In recent years, there seems to have been an uptick in films that feature werewolves, but don’t have them front and center. A recent example is Jemaine Clement and Taika Waititi’s What We Do in the Shadows, in which its central group of vampires has multiple run-ins with a pack of werewolves whose alpha has his work cut out for him keeping them in line. (Needless to say, I found their scenes to be the highlight of the film and hope Clement and Waititi follow through with the werewolf spin-off they’ve talked about.) This is a proud tradition that goes back almost to the dawn of cinema, though.
Take F.W. Murnau’s 1922 silent classic Nosferatu, the first (unofficial) adaptation of Bram Stoker’s Dracula, which includes a cutaway to a howling werewolf in the Carpathians. (Okay, so maybe it’s a hyena. Beggars can’t be choosers.) There’s also talk of Bela Lugosi’s Count turning into a wolf in Tod Browning’s Dracula from 1931, but that’s all it is: talk. Thankfully, by the time Francis Ford Coppola tackled his version in 1992, makeup effects had progressed to the point where Gary Oldman’s Count was able to physically appear as a seductive wolf man. (Pity it’s just for the one scene, but what a scene.) And speaking of vampires that have the ability to take the form of wolves, who can forget Evil Ed’s “Howl Mary” pass at living up to his nickname at the end of 1984’s Fright Night? The way he’s dispatched so soon after being seduced by the dark side, though, it almost makes you feel sorry for the guy.
On the other paw, anyone tuning in to Rowan & Martin’s 1969 werewolf-themed comedy The Maltese Bippy hoping for a lot of hair-raising action will only end up feeling sorry for themselves since its werewolfery is confined to a single dream sequence where Dick Martin becomes a wolf man and is chased by an angry mob. That’s about as satisfying as Jesús Franco’s 1972 film Dracula, Prisoner of Frankenstein, in which a shaggy-looking wolf man appears out of nowhere to do battle with the monster and then is never seen or heard from again.
Much better is 1988’s Waxwork, in which one of the dopey teens who gets lured into David Warner’s macabre wax museum is thrust into a scenario where a werewolf (played by John Rhys-Davies in human form) puts the bite on him. Even if the wolf’s screen time is limited, it’s all quality time since director Anthony Hickox didn’t skimp on the effects budget. And our hairy pal is also part of the monster free-for-all at the film’s climax, with blood and gore aplenty and tongue planted firmly in cheek.
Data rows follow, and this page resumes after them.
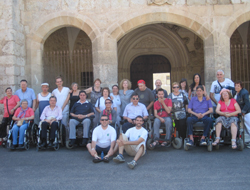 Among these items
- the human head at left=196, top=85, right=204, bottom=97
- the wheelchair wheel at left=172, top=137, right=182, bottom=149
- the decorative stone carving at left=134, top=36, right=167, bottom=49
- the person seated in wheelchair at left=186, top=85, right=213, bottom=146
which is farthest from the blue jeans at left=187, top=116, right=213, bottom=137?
the decorative stone carving at left=134, top=36, right=167, bottom=49

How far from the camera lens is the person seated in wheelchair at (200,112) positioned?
5.09 m

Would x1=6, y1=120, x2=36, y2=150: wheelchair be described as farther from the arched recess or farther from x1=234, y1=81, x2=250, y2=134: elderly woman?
x1=234, y1=81, x2=250, y2=134: elderly woman

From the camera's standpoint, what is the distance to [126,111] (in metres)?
5.57

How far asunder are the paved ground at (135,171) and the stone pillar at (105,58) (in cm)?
274

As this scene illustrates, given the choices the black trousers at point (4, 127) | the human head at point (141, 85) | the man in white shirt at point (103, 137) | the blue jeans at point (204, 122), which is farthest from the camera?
the black trousers at point (4, 127)

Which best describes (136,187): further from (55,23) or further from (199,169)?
(55,23)

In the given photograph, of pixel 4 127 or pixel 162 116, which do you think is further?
pixel 4 127

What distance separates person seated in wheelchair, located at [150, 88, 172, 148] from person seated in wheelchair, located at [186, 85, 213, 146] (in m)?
0.37

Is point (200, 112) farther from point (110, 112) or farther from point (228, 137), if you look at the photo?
point (110, 112)

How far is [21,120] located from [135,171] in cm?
289

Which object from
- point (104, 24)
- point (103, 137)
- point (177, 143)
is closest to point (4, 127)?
point (103, 137)

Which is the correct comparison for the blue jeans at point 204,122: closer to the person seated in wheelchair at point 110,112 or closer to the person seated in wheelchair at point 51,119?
the person seated in wheelchair at point 110,112

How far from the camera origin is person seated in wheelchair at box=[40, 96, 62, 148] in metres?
5.34

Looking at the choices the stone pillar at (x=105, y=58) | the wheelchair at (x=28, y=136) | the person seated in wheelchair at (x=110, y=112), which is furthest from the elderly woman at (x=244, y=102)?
the wheelchair at (x=28, y=136) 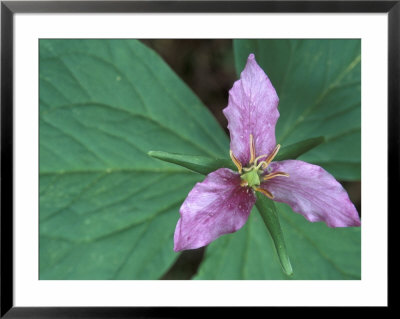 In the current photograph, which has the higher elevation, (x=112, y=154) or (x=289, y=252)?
(x=112, y=154)

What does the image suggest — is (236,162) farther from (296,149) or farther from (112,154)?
(112,154)

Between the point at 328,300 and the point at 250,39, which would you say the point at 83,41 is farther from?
the point at 328,300

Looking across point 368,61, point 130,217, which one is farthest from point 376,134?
point 130,217

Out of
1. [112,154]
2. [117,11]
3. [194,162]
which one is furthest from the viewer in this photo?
[112,154]

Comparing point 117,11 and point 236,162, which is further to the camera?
point 117,11

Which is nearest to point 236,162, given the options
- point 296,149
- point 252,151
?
point 252,151

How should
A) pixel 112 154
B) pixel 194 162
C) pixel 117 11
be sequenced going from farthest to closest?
pixel 112 154 → pixel 117 11 → pixel 194 162

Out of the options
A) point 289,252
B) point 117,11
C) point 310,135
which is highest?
point 117,11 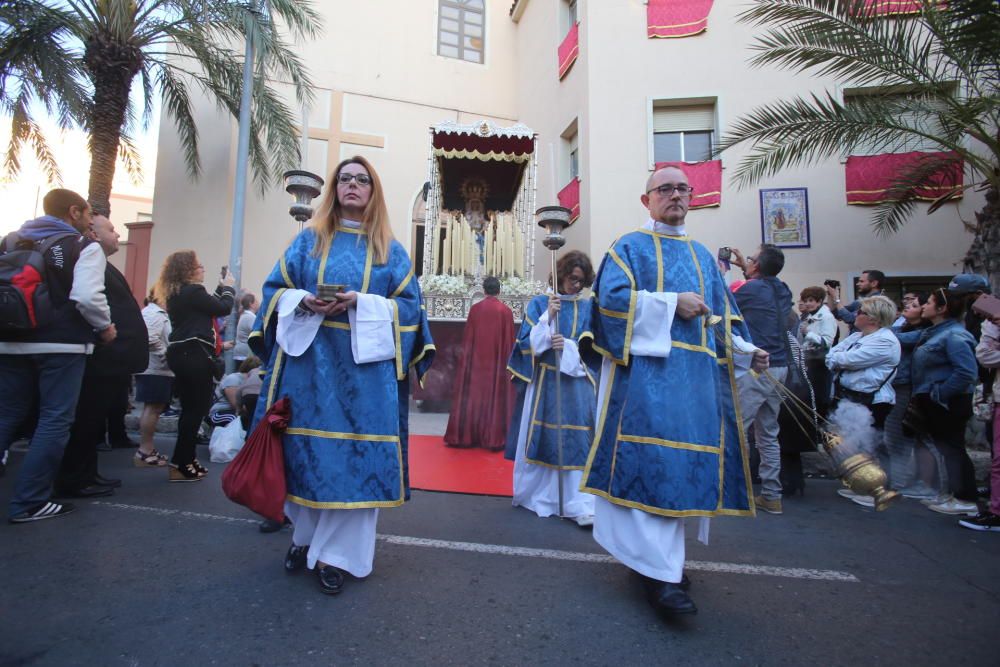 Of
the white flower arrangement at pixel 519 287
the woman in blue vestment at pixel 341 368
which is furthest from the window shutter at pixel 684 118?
the woman in blue vestment at pixel 341 368

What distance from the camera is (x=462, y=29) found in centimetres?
1448

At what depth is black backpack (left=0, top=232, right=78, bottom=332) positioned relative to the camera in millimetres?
3172

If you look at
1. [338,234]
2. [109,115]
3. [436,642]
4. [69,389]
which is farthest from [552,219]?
[109,115]

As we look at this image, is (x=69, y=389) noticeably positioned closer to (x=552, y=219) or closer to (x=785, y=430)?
(x=552, y=219)

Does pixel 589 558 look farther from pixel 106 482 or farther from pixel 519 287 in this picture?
pixel 519 287

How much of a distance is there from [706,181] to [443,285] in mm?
5149

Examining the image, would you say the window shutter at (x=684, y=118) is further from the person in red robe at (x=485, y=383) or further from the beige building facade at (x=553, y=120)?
the person in red robe at (x=485, y=383)

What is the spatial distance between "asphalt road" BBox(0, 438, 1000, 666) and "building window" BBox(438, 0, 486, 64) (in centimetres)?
1353

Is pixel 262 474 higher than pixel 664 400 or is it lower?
lower

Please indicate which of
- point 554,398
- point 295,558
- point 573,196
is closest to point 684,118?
point 573,196

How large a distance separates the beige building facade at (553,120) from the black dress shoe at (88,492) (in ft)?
20.7

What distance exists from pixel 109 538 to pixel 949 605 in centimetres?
427

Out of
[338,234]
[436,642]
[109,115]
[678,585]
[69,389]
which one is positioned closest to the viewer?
[436,642]

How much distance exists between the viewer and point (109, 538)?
3123mm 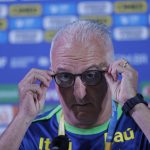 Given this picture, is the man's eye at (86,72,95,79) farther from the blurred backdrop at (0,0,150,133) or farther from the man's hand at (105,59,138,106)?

In the past decade, werewolves have popped up in supporting roles in everything from the Harry Potter series to Terry Gilliam’s not-altogether-successful The Brothers Grimm, and from the animated comedy Hotel Transylvania (and its forthcoming sequel) to the YA adaptation The Mortal Instruments: City of Bones (in which they’re even name-checked in the trailer, although that wasn’t enough to get me to see the damned thing). And since 2012’s Dark Shadows was based on a ’70s soap that featured a recurring werewolf character, it’s only natural that Tim Burton (who had previously squeezed a lycanthrope into 2003’s Big Fish) would include one in his film, although the out-of-nowhere revelation that Barnabas isn’t the only monster in the Collins family does come off as rather perfunctory. (“I’m a werewolf, okay?” they say. “Let’s not make a big deal out of it,” and the film proceeds not to.)
Of course, as far as films of recent vintage are concerned, the gold standard for werewolf cameos remains 2012’s The Cabin in the Woods. Enough said.